STUDY MATERIAL Start Marker

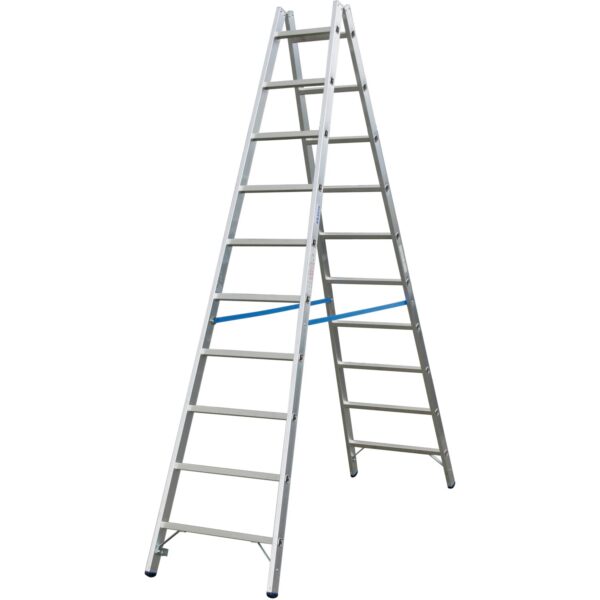 Stabilo Sprossen-Doppelleiter 2 x 10 Sprossen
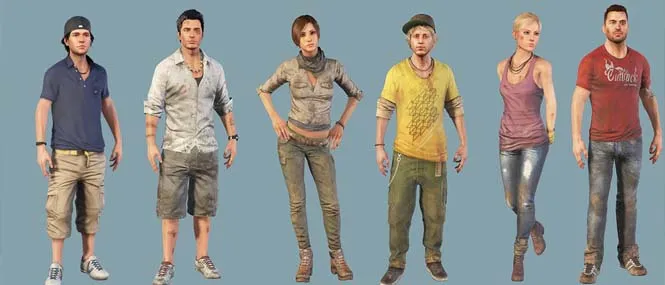 Far Cry 3 characters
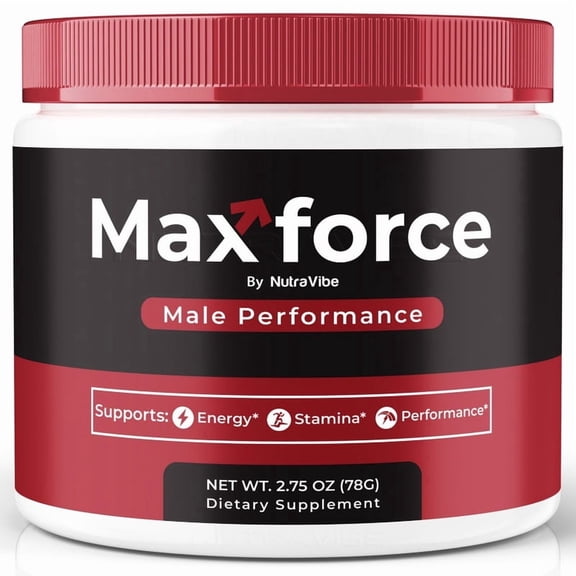 MaxForce – Official Max Force Powder with a Natural Daily Blend for Energy & Wellness | Clean, Gentle, Easy-to-Take Powder for Everyday Sharpness (30 Servings)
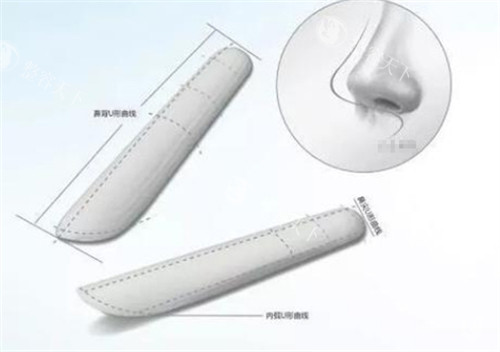 隆鼻假体形状图解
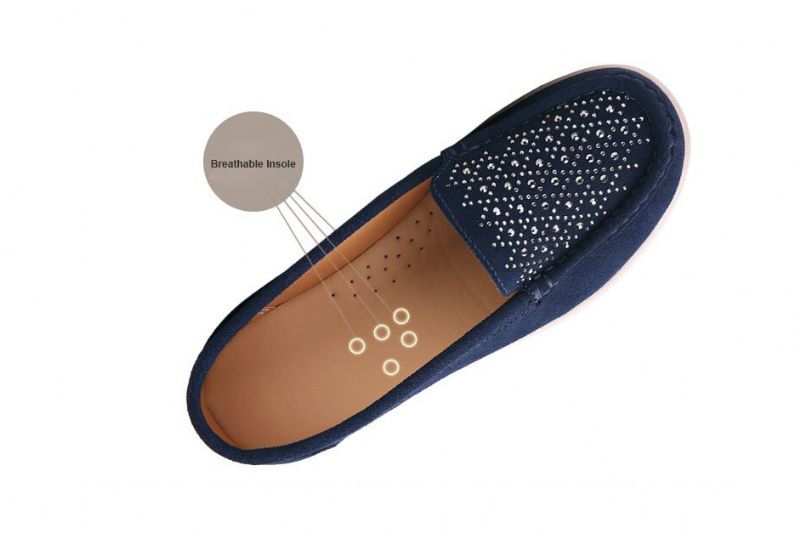 Fleur Dames Platform - Blauw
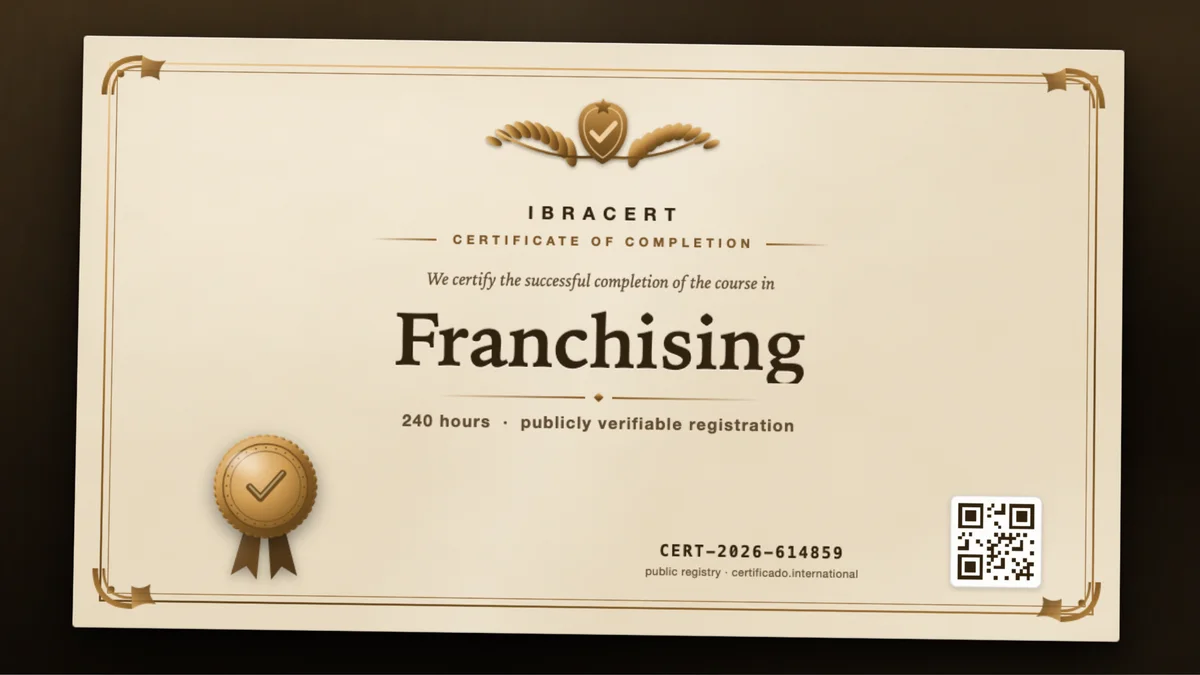 Cover of the Franchising course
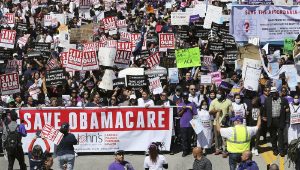 Mentsétek meg az Obamacare-t! (Fotó: Los Angeles Times)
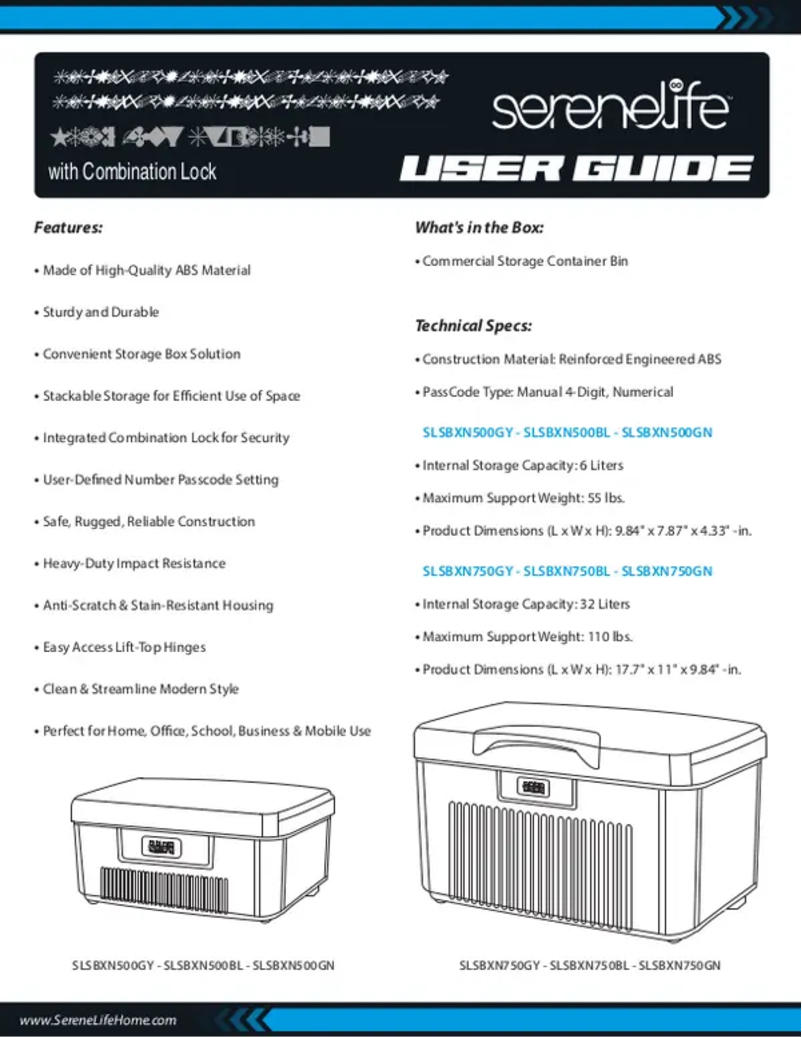 Image de la première page du manuel de l'appareil SLSBXN750GY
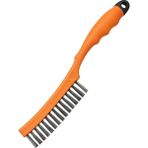 FourForce Profesyonel Tel Fırça, Ergonomik Saplı, Çelik Tel, Metal Yüzey Temizleyici, Pas Sökücü, Boya Vernik Kazıyıcı, El Tipi Temizlik Aleti, Yapı ve Hırdavat Kullanımına Uygun, Dayanıklı Fırça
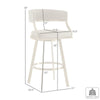 Beth Swivel Counter Stool Chair | Gold Steel Frame | White Faux Leather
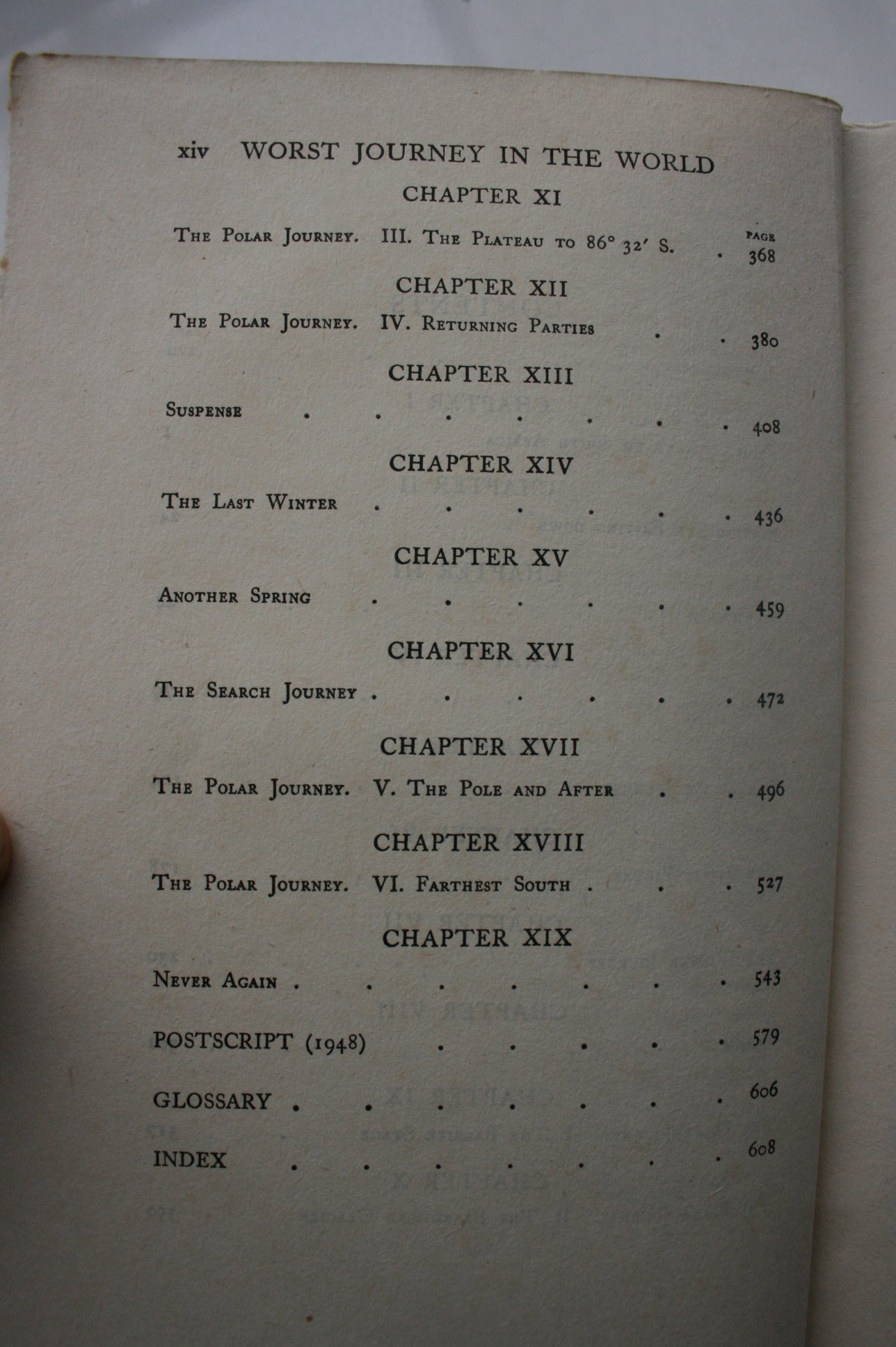 The Worst Journey in the World Antarctic 1910-1913 by Apsley Cherry-Garrard. With maps, and illustrations by the late Doctor Edward A. Wilson and the author.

STUDY MATERIAL End Marker

> **WHAT IS EXPECTED**: Output a faithful copy of the data, with each picture left out.

> **RESPONSE TO THIS EXERCISE**:
 Stabilo Sprossen-Doppelleiter 2 x 10 Sprossen
 Far Cry 3 characters
 MaxForce – Official Max Force Powder with a Natural Daily Blend for Energy & Wellness | Clean, Gentle, Easy-to-Take Powder for Everyday Sharpness (30 Servings)
 隆鼻假体形状图解
 Fleur Dames Platform - Blauw
 Cover of the Franchising course
 Mentsétek meg az Obamacare-t! (Fotó: Los Angeles Times)
 Image de la première page du manuel de l'appareil SLSBXN750GY
 FourForce Profesyonel Tel Fırça, Ergonomik Saplı, Çelik Tel, Metal Yüzey Temizleyici, Pas Sökücü, Boya Vernik Kazıyıcı, El Tipi Temizlik Aleti, Yapı ve Hırdavat Kullanımına Uygun, Dayanıklı Fırça
 Beth Swivel Counter Stool Chair | Gold Steel Frame | White Faux Leather
 The Worst Journey in the World Antarctic 1910-1913 by Apsley Cherry-Garrard. With maps, and illustrations by the late Doctor Edward A. Wilson and the author.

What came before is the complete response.